EXERCISE DIRECTIONS:
Beginning with the line of the entries below that holds "Pop Wine Satin Chiffon Saree Set" and ending with the line that holds "55mm Clouds Red", transcribe each line exactly as written. Pictures stay out.

---------- GIVEN DATA ----------

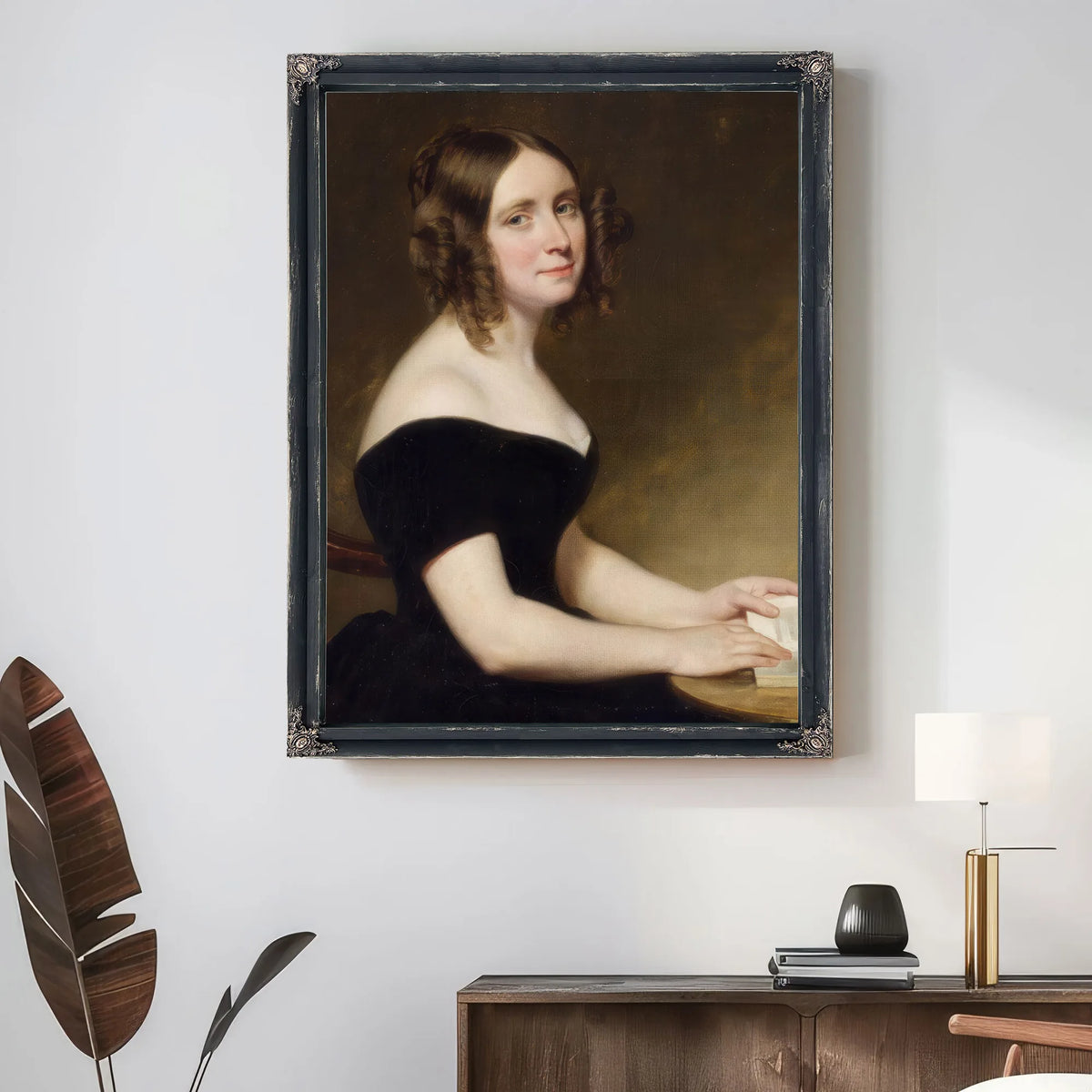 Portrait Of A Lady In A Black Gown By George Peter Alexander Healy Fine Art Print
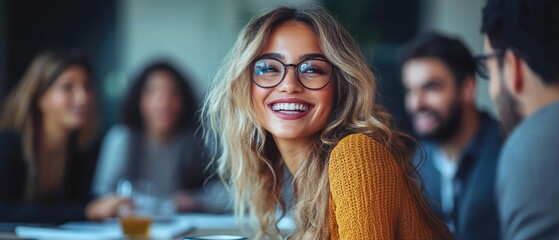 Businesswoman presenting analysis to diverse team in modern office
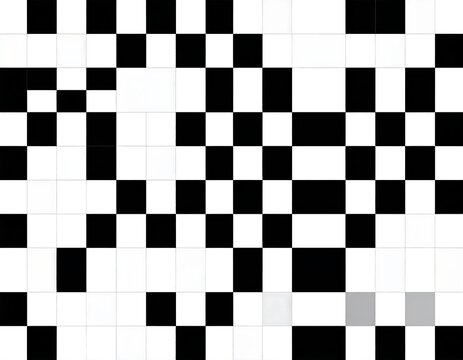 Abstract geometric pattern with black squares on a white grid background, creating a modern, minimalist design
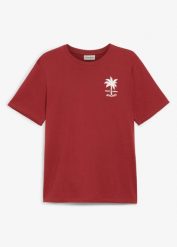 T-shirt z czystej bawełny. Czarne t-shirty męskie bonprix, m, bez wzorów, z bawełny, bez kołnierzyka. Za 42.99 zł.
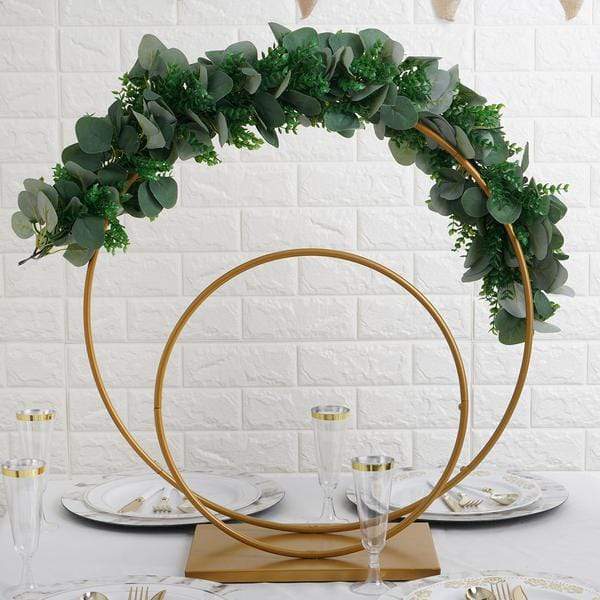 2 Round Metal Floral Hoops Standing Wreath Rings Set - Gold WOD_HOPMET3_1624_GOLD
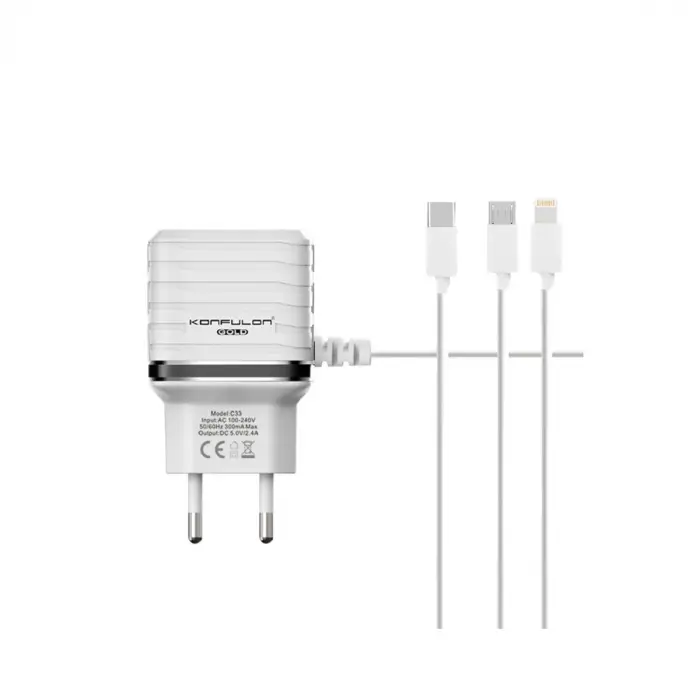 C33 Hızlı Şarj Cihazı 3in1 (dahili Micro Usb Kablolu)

----------
---------- GIVEN DATA ----------

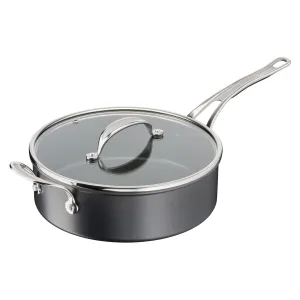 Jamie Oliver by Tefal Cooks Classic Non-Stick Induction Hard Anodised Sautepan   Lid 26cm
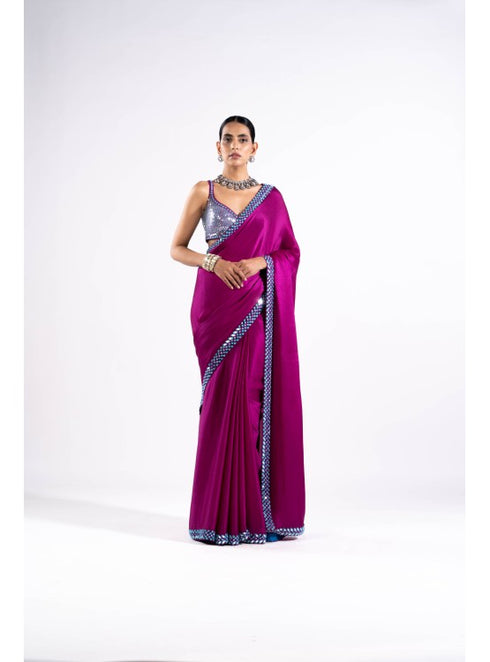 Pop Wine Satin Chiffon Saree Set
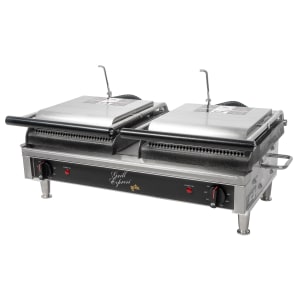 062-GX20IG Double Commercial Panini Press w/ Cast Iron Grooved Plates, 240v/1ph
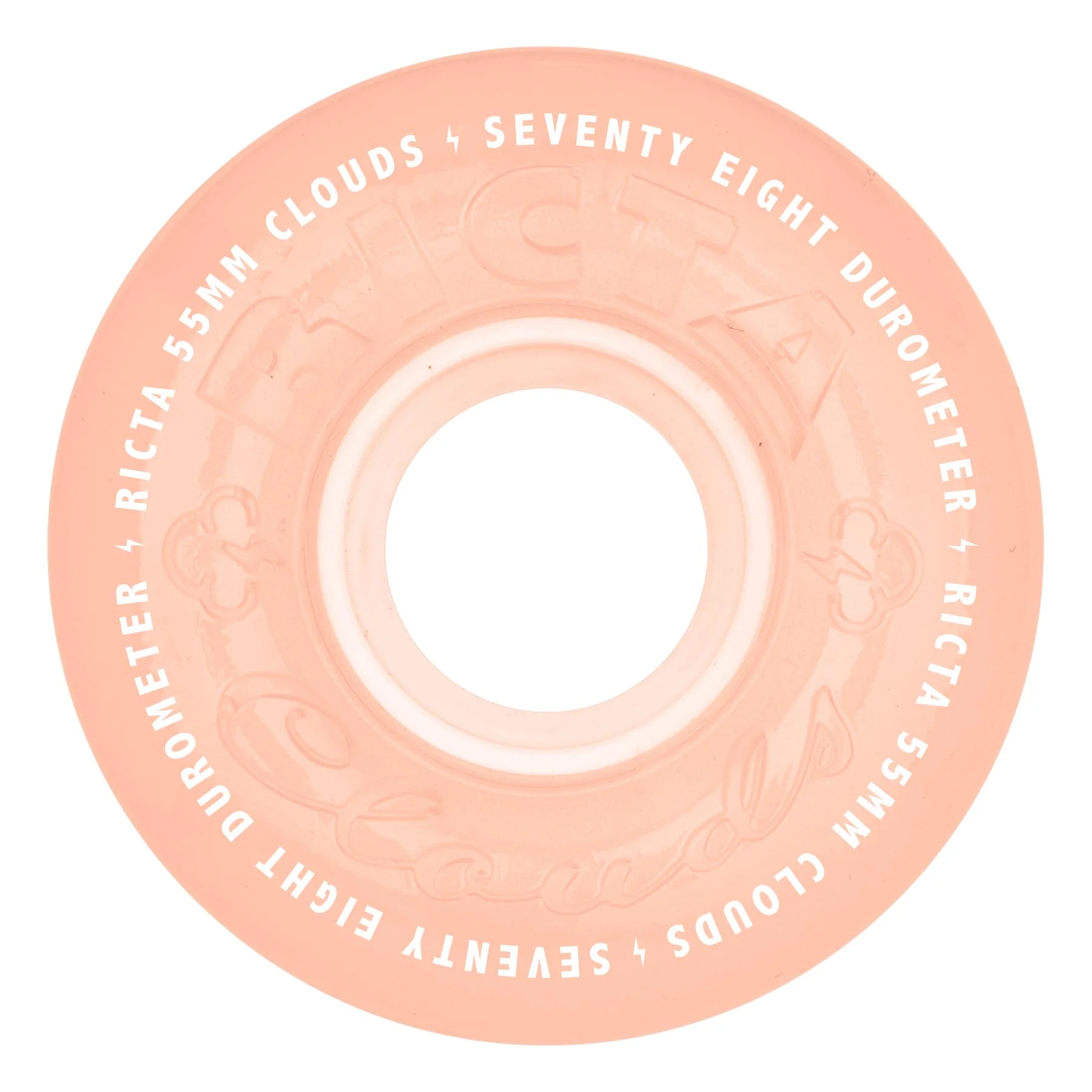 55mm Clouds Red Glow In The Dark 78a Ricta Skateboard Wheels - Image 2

----------

RESPONSE AREA:
 Pop Wine Satin Chiffon Saree Set
 062-GX20IG Double Commercial Panini Press w/ Cast Iron Grooved Plates, 240v/1ph
 55mm Clouds Red Glow In The Dark 78a Ricta Skateboard Wheels - Image 2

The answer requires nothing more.